Brief descriptive captions

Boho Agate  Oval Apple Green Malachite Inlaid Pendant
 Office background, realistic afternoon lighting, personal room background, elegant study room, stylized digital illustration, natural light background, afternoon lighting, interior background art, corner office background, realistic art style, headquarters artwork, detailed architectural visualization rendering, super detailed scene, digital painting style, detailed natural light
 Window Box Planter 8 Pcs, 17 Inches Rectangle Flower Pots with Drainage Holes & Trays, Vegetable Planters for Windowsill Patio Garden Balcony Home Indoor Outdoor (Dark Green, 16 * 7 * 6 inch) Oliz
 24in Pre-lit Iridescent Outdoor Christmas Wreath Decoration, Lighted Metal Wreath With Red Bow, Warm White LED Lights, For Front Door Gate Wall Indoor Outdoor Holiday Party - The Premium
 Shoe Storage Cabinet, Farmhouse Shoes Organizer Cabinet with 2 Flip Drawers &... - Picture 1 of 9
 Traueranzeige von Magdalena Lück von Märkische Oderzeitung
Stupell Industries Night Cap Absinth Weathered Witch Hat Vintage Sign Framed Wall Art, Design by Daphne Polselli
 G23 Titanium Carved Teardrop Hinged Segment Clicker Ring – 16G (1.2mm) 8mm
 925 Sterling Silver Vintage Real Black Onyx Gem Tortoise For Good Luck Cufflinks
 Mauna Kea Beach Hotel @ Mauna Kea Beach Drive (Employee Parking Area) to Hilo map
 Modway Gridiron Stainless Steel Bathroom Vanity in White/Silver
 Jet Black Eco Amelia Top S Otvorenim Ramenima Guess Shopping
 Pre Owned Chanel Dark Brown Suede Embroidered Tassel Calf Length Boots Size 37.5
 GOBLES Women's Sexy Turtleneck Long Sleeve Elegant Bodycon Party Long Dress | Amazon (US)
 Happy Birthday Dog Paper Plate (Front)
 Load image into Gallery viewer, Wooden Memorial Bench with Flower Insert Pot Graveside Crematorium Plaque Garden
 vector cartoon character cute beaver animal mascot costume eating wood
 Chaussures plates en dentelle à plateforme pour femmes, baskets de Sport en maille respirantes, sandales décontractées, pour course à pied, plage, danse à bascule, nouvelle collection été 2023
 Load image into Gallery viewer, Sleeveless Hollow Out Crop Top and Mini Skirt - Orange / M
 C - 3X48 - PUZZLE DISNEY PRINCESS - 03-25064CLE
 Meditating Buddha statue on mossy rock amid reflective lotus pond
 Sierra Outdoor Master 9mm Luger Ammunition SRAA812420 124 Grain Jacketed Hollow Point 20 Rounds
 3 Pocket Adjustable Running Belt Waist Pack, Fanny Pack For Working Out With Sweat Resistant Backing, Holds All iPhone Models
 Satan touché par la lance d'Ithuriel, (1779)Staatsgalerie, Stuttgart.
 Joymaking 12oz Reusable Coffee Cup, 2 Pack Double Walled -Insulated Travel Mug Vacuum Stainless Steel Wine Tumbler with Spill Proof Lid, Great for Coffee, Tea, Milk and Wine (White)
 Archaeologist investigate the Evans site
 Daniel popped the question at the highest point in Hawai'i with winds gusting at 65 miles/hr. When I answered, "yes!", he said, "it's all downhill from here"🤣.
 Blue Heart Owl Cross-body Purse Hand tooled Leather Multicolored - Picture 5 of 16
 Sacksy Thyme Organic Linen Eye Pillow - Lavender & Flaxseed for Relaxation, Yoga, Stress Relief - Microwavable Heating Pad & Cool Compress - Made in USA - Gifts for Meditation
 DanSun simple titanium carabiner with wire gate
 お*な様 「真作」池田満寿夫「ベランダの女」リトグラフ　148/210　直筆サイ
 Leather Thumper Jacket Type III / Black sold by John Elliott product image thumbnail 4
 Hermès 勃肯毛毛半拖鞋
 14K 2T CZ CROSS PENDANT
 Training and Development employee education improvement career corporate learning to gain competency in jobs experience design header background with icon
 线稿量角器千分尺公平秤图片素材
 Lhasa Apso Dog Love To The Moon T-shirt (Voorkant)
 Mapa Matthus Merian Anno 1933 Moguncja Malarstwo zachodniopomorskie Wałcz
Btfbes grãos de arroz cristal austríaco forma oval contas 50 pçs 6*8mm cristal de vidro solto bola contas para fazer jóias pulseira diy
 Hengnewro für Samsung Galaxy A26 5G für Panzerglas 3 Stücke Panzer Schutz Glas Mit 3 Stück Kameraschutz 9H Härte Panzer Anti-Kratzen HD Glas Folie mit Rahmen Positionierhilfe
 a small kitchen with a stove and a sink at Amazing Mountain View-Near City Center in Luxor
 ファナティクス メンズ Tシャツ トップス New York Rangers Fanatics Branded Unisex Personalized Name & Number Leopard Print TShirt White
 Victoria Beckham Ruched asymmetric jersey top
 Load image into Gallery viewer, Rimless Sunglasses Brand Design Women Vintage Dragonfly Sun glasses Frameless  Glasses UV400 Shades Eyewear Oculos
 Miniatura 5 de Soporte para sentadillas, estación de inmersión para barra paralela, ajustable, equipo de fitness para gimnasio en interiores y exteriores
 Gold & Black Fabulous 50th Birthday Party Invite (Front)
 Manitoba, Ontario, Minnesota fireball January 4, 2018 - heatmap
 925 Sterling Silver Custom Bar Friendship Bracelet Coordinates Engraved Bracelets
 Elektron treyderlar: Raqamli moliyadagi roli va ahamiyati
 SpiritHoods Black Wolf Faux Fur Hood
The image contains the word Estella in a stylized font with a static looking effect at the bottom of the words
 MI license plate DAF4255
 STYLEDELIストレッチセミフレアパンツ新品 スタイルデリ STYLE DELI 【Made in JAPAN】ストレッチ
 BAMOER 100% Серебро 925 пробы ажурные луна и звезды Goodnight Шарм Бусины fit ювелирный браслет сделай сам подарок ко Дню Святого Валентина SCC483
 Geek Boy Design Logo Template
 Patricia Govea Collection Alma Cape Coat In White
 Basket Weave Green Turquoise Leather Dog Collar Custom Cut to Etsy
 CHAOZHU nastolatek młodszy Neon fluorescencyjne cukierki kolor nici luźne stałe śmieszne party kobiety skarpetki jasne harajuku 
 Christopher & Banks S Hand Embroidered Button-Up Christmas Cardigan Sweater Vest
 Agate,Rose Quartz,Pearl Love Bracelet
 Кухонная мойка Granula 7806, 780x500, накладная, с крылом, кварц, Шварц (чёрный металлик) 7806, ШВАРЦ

• [Exercise instructions]: Look through the entries. Copy out each line with "stylized" in it.

• [Answer box]:
 Office background, realistic afternoon lighting, personal room background, elegant study room, stylized digital illustration, natural light background, afternoon lighting, interior background art, corner office background, realistic art style, headquarters artwork, detailed architectural visualization rendering, super detailed scene, digital painting style, detailed natural light
The image contains the word Estella in a stylized font with a static looking effect at the bottom of the words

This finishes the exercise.